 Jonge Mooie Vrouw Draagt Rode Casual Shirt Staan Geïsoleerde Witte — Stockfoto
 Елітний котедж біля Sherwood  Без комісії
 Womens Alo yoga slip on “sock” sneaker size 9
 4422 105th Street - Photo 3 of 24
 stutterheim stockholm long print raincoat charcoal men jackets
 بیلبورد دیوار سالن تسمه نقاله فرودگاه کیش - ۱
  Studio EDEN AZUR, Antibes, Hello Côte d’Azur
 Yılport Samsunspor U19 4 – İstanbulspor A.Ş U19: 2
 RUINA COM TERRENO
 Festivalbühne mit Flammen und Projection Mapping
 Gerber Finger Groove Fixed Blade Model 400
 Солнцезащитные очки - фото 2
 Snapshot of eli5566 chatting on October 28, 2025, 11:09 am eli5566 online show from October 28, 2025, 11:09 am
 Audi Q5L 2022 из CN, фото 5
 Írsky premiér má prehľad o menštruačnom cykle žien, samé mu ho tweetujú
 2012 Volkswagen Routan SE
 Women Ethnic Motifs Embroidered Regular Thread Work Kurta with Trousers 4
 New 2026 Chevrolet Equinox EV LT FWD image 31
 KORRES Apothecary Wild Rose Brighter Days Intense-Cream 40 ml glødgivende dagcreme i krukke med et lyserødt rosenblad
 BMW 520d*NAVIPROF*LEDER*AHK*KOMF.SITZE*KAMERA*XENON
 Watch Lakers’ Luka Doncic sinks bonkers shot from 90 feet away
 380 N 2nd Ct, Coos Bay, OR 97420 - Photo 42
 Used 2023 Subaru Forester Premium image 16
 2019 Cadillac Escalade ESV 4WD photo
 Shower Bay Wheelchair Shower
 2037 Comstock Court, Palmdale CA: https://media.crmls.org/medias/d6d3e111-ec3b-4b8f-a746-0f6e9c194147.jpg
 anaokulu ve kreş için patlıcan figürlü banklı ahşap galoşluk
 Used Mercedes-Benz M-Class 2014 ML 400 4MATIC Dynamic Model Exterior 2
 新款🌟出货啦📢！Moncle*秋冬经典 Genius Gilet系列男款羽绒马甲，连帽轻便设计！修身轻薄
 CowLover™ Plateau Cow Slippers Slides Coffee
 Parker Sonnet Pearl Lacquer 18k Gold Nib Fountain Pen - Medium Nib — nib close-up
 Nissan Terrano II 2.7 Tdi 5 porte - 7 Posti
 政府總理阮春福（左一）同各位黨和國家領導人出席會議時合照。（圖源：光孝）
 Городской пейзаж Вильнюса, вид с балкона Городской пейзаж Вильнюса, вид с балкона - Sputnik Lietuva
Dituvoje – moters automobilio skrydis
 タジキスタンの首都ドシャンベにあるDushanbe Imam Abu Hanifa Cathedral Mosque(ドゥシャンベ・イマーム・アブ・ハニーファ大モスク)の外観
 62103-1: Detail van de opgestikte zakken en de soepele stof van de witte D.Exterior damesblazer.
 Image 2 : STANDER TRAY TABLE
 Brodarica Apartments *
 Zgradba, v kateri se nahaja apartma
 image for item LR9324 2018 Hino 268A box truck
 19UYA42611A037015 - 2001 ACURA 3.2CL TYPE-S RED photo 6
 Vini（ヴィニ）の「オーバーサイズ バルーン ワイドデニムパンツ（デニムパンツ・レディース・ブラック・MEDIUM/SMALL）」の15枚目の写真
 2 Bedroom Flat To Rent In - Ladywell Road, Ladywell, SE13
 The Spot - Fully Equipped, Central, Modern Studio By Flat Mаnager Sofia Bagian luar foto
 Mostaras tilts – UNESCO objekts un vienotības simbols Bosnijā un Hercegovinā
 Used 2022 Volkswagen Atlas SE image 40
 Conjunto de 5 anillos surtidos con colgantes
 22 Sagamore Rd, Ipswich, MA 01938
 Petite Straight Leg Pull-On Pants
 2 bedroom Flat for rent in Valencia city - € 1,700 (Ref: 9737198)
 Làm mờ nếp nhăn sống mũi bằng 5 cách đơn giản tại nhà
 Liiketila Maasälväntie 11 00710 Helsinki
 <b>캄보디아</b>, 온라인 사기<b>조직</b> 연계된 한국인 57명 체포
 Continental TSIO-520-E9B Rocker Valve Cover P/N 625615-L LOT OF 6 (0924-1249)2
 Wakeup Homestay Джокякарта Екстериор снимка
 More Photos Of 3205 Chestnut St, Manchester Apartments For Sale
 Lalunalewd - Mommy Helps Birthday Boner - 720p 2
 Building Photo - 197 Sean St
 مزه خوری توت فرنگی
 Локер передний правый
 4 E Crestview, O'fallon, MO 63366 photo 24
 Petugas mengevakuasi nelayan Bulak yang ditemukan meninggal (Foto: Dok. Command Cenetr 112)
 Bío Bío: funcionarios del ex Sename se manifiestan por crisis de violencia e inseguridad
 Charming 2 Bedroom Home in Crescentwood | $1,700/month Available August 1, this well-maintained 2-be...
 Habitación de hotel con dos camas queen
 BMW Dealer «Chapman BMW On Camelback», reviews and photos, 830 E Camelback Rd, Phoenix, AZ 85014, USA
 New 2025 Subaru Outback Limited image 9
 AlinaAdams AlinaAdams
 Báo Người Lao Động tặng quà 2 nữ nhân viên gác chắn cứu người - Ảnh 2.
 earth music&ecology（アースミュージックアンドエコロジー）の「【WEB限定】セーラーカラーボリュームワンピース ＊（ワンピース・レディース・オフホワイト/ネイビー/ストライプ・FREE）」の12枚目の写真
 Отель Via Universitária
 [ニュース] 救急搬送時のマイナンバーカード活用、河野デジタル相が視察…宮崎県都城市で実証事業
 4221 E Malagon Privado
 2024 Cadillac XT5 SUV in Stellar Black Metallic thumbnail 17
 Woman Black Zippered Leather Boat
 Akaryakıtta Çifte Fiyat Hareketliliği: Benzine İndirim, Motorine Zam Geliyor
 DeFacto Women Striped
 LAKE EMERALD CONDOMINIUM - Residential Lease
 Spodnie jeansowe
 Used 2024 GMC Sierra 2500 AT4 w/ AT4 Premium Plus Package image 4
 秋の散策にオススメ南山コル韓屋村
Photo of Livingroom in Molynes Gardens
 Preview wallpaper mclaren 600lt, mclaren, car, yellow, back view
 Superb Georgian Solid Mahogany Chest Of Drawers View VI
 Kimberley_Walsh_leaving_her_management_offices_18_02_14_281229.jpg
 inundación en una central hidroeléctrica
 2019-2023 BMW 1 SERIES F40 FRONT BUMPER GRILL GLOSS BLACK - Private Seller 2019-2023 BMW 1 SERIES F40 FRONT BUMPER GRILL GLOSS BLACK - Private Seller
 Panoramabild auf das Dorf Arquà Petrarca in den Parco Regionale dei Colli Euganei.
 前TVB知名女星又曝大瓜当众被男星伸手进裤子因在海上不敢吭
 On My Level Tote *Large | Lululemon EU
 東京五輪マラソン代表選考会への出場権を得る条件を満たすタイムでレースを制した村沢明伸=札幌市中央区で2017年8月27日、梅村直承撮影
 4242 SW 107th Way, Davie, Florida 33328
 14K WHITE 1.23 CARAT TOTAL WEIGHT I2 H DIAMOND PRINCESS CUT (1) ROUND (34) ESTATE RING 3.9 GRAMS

- _Exercise_: From the listing above, repeat exactly the lines starting at the line that includes "秋の散策にオススメ南山コル韓屋村" and ending at the line that includes "inundación en una central hidroeléctrica", with nothing outside that span.

- _Output for this exercise_:
 秋の散策にオススメ南山コル韓屋村
Photo of Livingroom in Molynes Gardens
 Preview wallpaper mclaren 600lt, mclaren, car, yellow, back view
 Superb Georgian Solid Mahogany Chest Of Drawers View VI
 Kimberley_Walsh_leaving_her_management_offices_18_02_14_281229.jpg
 inundación en una central hidroeléctrica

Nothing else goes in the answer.